Israel offers cyber aid to Albania, which severed Iran ties over hacking claim
Deputy FM Idan Roll relays Jerusalem’s backing for Tirana’s move and vows to ‘tighten’ relationship between two countries
Israel offered cyber defense assistance to Albania on Monday, days after the Balkan state severed its diplomatic ties with Iran, citing accusations that the Islamic Republic carried out cyberattacks against the country in July.
Deputy Foreign Minister Idan Roll met with Albanian Foreign Minister Olta Xhacka on the sidelines of the Conference on Shaping Feminist Foreign Policy in Berlin, where he “offered to share our knowledge and experience in cyber defense” and “expressed Israel’s appreciation” for Tirana’s decision to kick out Iran’s diplomats, he said in a tweet.
“We will continue to tighten cooperation between Israel and Albania,” Roll added.
Last week, Albania blamed Iran for a July 15 cyberattack that temporarily shut down numerous Albanian government digital services and websites. Over the weekend, Albania’s Interior Ministry accused Tehran of an additional attack on Friday that targeted the national police’s computer systems.
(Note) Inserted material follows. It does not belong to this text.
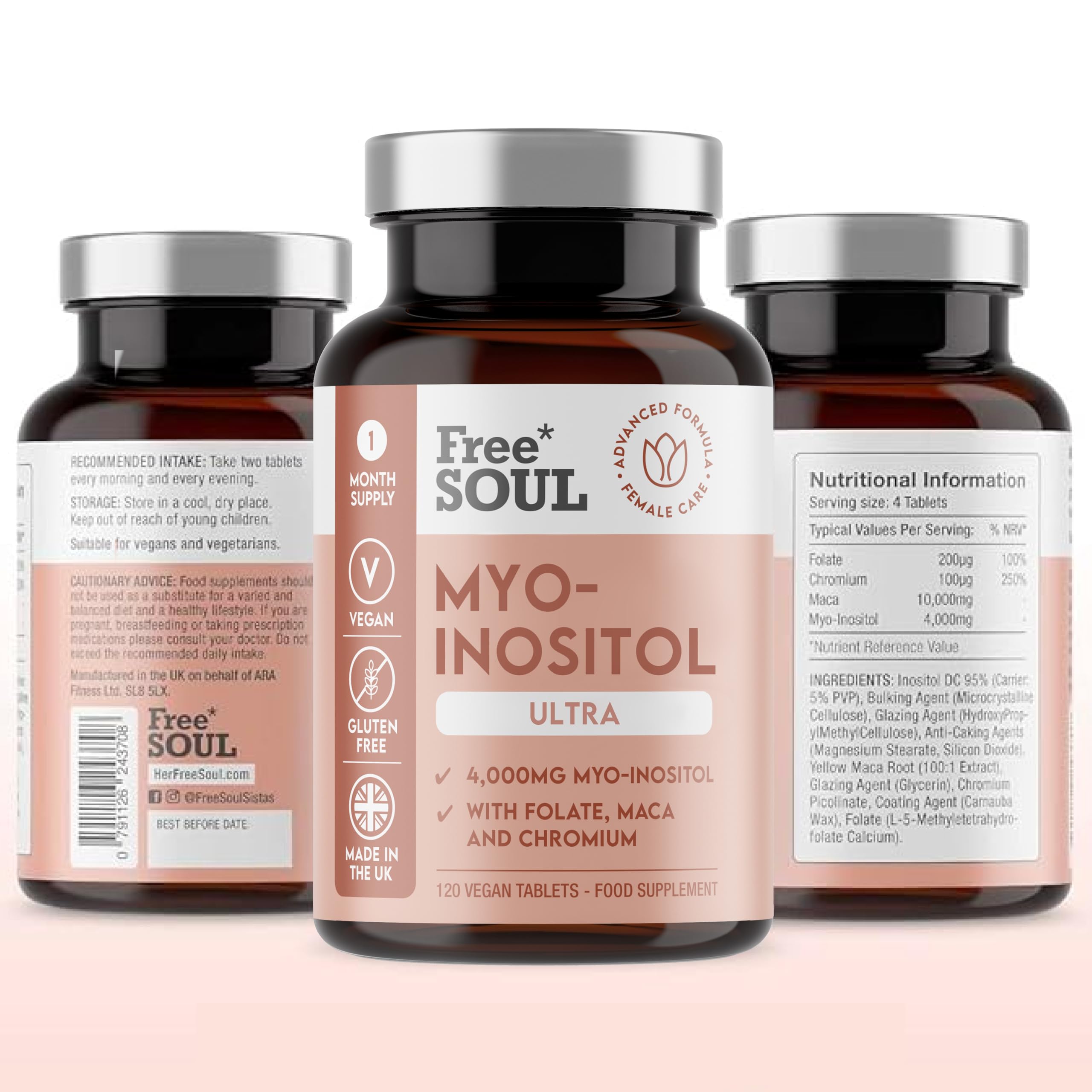 Free Soul Myo-Inositol Ultra Supplement with 4,000mg Myo-Inositol, 200ug Folate, 100ug Free SoulBuy Supplements Australia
Albanian Prime Minister Edi Rama said an investigation determined that the July cyberattack wasn’t carried out by individuals or independent groups, calling it a “state aggression.”
The two countries have been bitter foes for years, since the Balkan state began hosting members of the opposition People’s Mujahideen of Iran, or Mujahedeen-e-Khalq (MEK), on its soil.
I spoke with Albanian FM @Xhacka_Olta at #ShapingFFP. I expressed Israel's appreciation for Albania's decision to sever its diplomatic ties with Iran, and offered to share our knowledge and experience in cyber defense. We will continue to tighten cooperation between ???????? and ????????. pic.twitter.com/fPOnVhpDra
— Idan Roll – עידן רול (@idanroll) September 12, 2022
Iran rejected the accusation it was behind the cyberattack as “baseless” and called Albania’s decision to sever diplomatic ties “an ill-considered and short-sighted action.”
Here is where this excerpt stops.